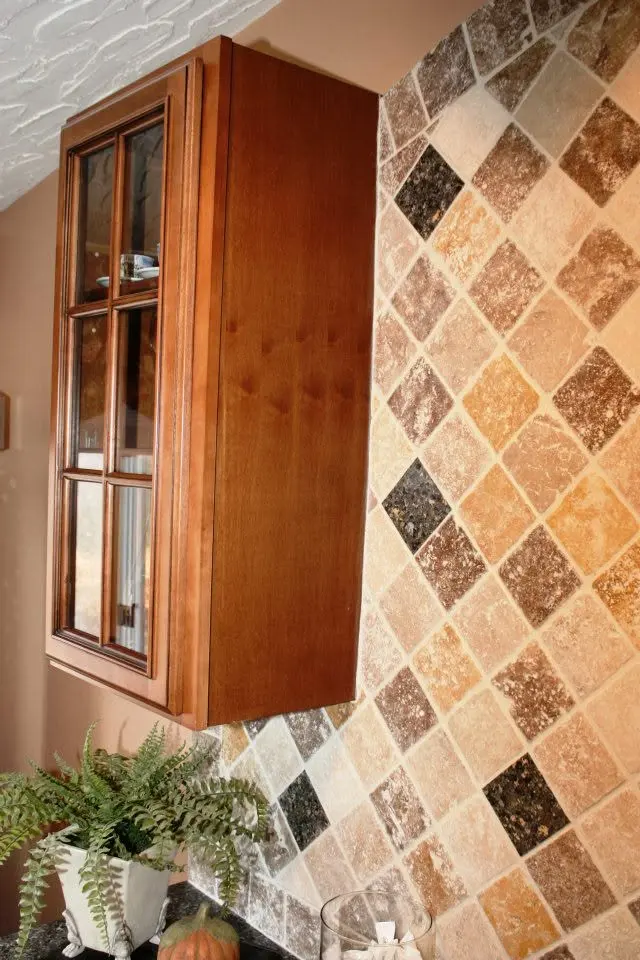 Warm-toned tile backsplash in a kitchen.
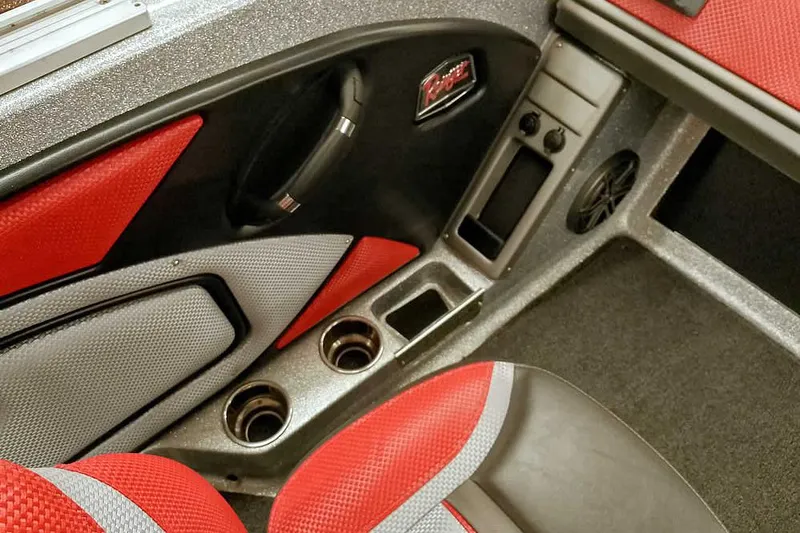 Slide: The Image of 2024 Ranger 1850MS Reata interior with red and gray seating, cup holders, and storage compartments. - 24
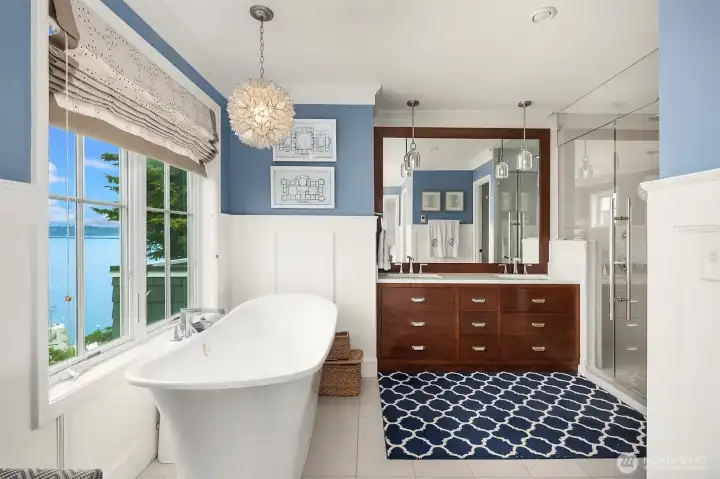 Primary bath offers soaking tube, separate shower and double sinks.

...

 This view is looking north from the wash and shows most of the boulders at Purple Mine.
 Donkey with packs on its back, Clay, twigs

==

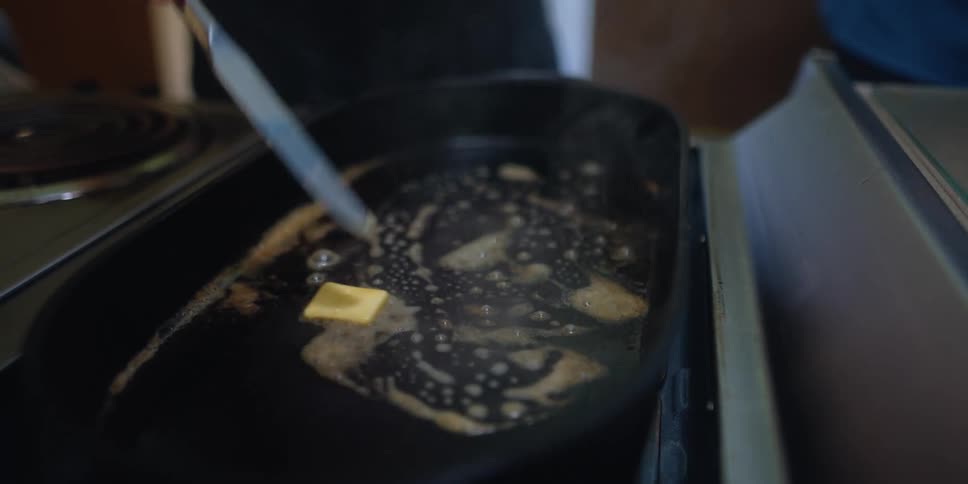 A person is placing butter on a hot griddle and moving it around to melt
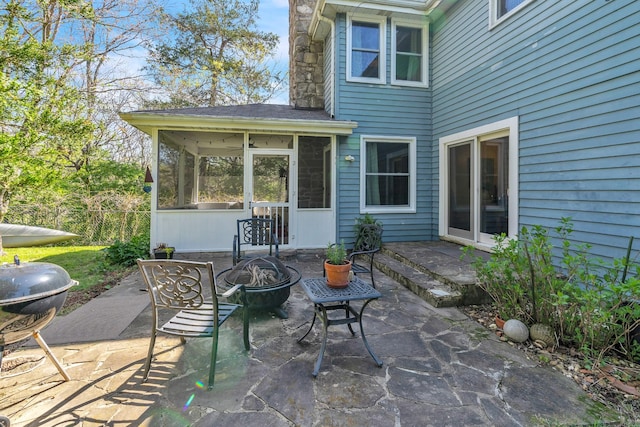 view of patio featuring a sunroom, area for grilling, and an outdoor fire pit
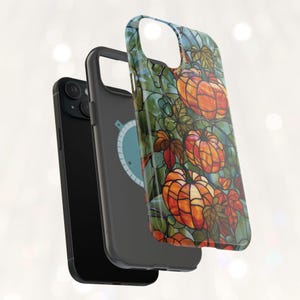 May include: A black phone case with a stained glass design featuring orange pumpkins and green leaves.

Aim of the task: The expected output is the lines above from the one containing "view of patio" to the one containing "May include: A", both ends included, reproduced exactly with every picture left out.

Solution to this task:
 view of patio featuring a sunroom, area for grilling, and an outdoor fire pit
 May include: A black phone case with a stained glass design featuring orange pumpkins and green leaves.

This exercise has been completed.